**PROBLEM REQUIREMENTS**. This task calls for the lines below starting at the one containing "Used 2019 Mercedes-Benz" and ending at the one containing "Uncanny X-Men 1963-2011", repeated exactly with both ends kept and pictures left out.

---------- SUPPLIED INFORMATION

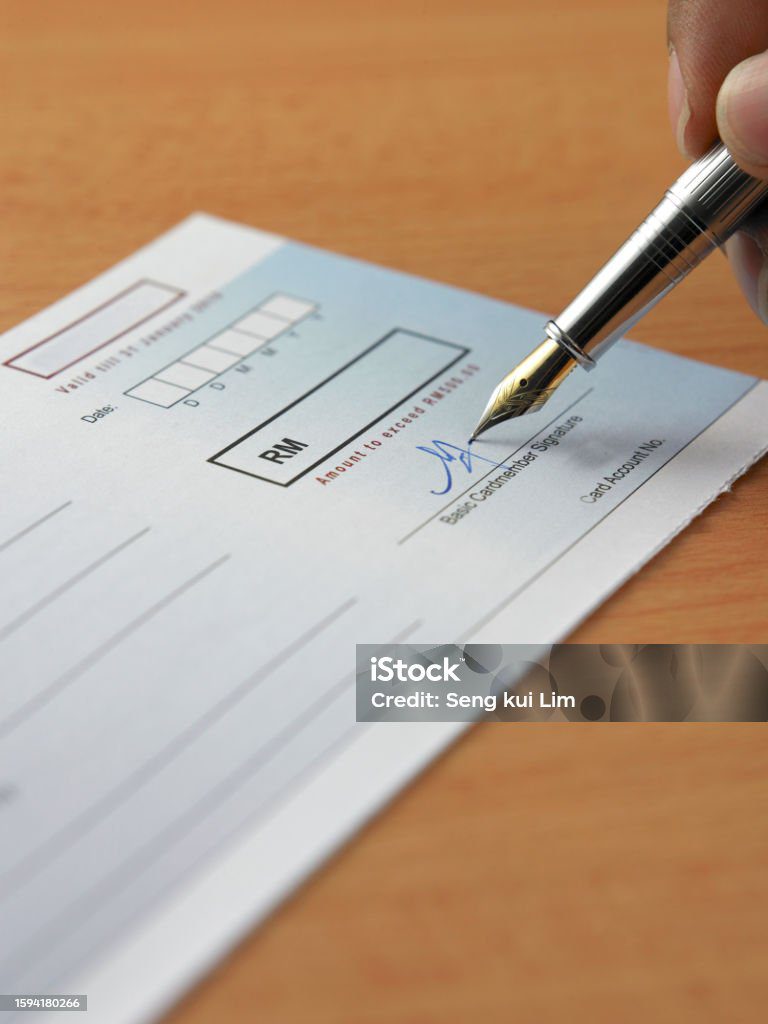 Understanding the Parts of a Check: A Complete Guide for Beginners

--------------------
---------- SUPPLIED INFORMATION

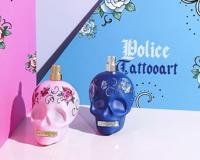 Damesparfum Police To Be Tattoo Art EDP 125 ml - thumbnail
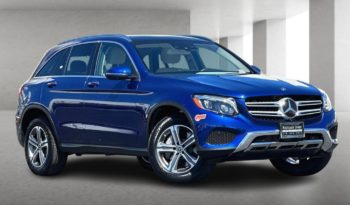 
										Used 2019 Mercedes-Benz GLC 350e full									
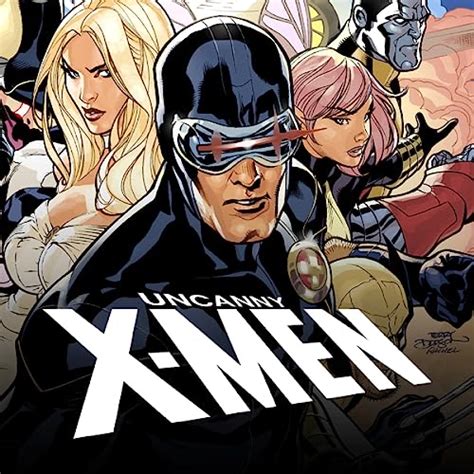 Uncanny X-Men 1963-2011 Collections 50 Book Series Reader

--------------------
---------- SUPPLIED INFORMATION

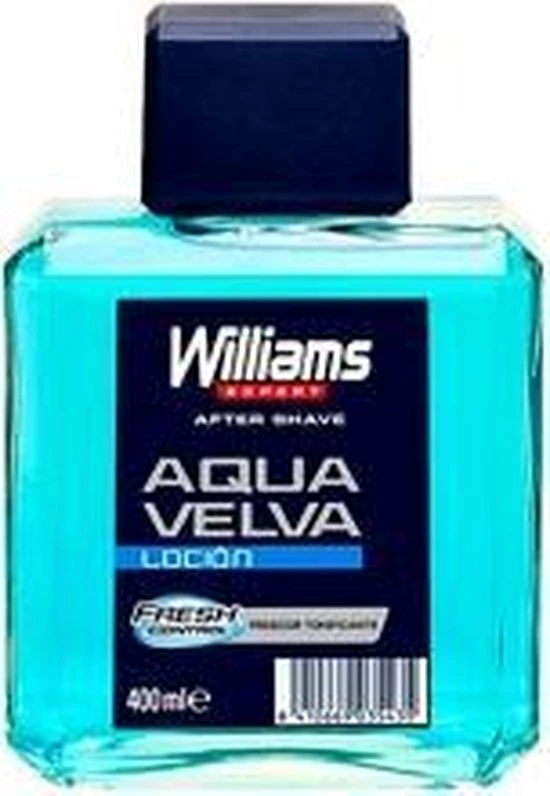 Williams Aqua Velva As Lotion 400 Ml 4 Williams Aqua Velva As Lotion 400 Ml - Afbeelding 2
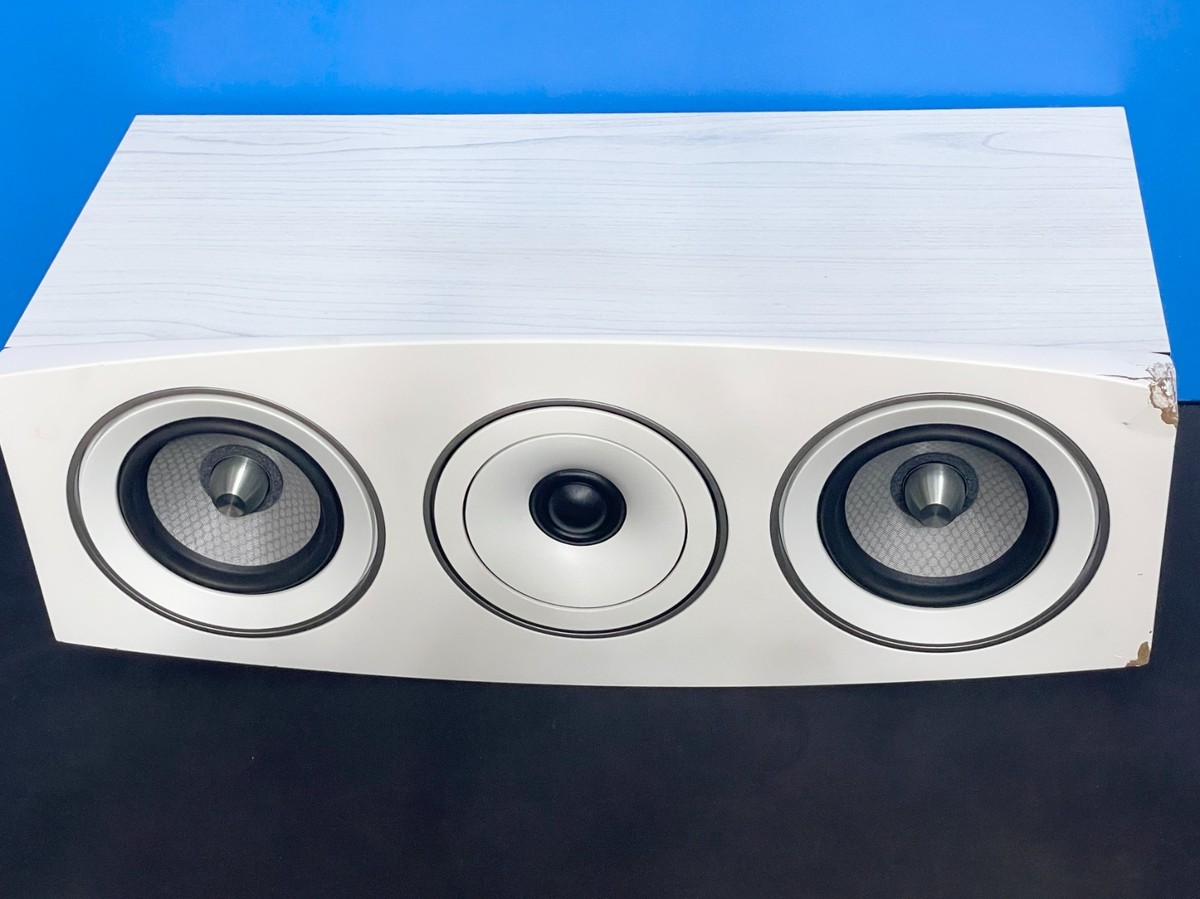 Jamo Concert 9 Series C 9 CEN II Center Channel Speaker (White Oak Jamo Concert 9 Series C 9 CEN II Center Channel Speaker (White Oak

--------------------

**OUTPUT**.
										Used 2019 Mercedes-Benz GLC 350e full									
 Uncanny X-Men 1963-2011 Collections 50 Book Series Reader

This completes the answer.